After my dear-God-here-comes-30
panic attack had subsided, I decided to take action and plan a party for my
26th birthday. Surrounded by individuals from various spheres of my
life, laughing, dancing, and drinking together as if they had all known each
other since before this very moment, I realized (as the lynchpin of the whole soirée)
how incredibly humbling and blissful the celebration of your birth can be.
In French, the word
for birthday is un anniversaire, derived from the Latin anniversarius meaning “returning yearly”. What I appreciate about
the etymology of this French word, is the fact that it has very little to do
with the singular persona. It simply refers to a specific, recurring unit of
time that can be interpreted as a return to a place, an emotion, a gathering of
people, or (as we have come to know it) a day.

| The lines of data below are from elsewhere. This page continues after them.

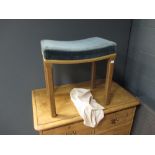 An Elizabeth II 1953 Coronation stool, upholstered in blue velvet on chamfered oak legs, with fitted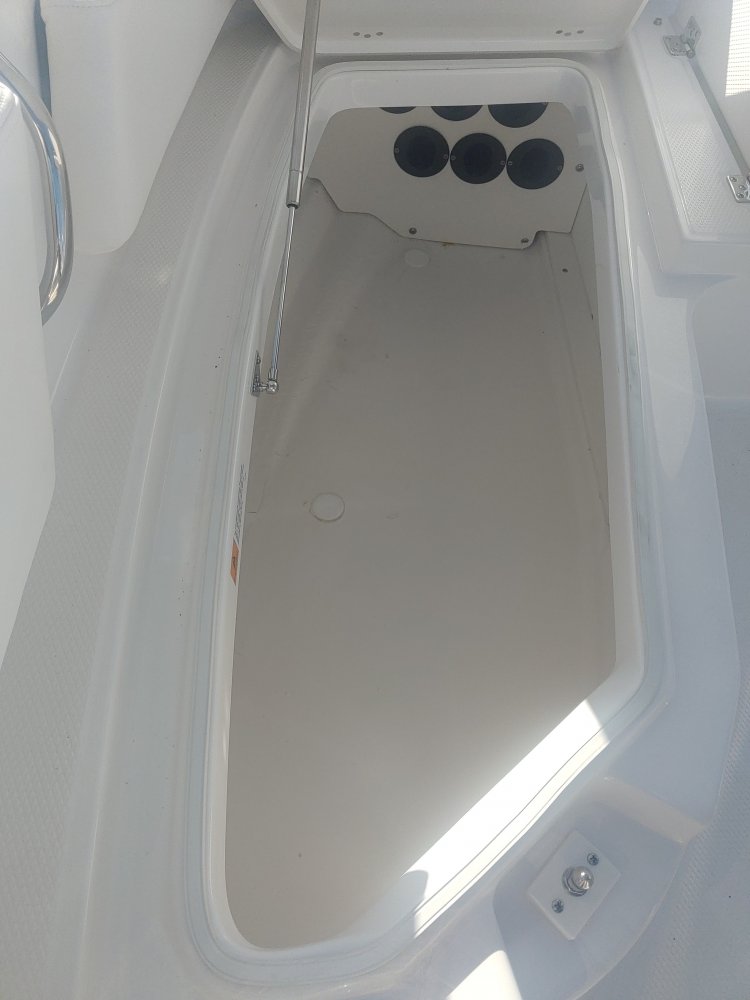Glass fibers either loose or woven, reinforced with resin and used in the construction of many boats.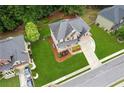 Aerial view of a beautiful brick home with a pristine lawn and mature trees at 927 Ivey Chase Pl, Dacula, GA 30019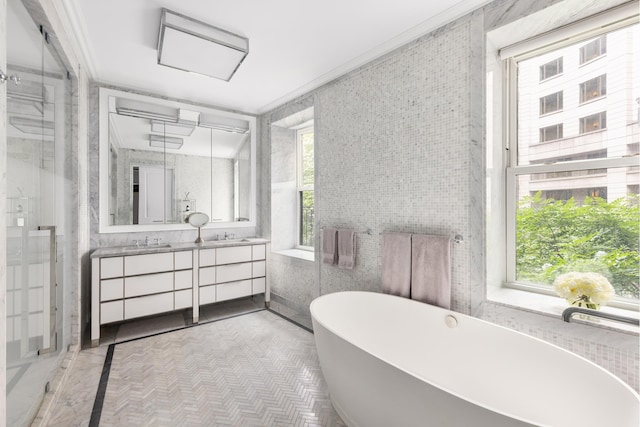 bathroom featuring vanity, a freestanding tub, a shower with shower door, and crown molding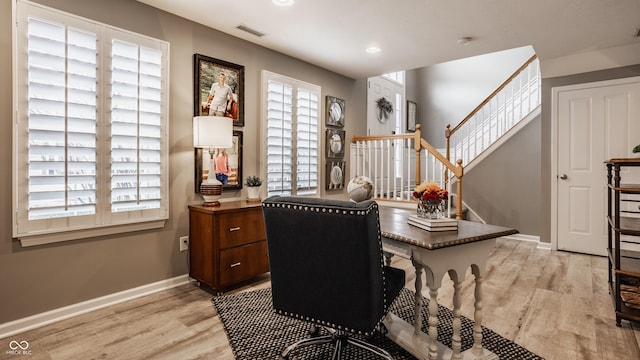 office area with visible vents, recessed lighting, light wood-style floors, and baseboards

Some lucky few may find it easy to reflect on their past, or
celebrate life with the people they love regularly and thus do not need a
predetermined span of time to which they must return. But for those of us who are
too often mired within the daily minutiae, the annual return to a consciously
reflective state which celebrates still being above ground, or the friends we
have garnered, or the past year’s accomplishments, or the fact that you are
standing there in the smallest pants size you have ever worn in your life
[shameless fitness plug] is precisely what we need to give us the strength to
make it to next year’s return.
Taking inventory of all the things that have altered in your
life and all the goals you have yet to cross off your Life List can be a paralysis-inducing
experience. But the benefit of
an annual return is that, with any luck, you will not necessarily be returning
to the same place each year. For me, this past year teemed with seismic shifts
that altered everything from how I felt
to where I worked to how hard I loved to how I viewed the world and my place in it…if
that’s not a blog post waiting to happen, I don’t know what is. The fact
remains, Chapter 25 of The Book of Me read pretty slowly...almost as if
the author was making it all up as she went along. But towards the end, the
plot really started to pick up, a clear and concise focus started brewing and by
the beginning of Chapter 26, even I was anxious to see what would come next. As a
writer, I rarely share my work before I am satisfied with its completion, and similarly,
the major plot points of the forthcoming The Book of Me chapters shall
remain a mystery…but as long as I am granted continued annual returns I assure
you the finished product will be one hell of a read.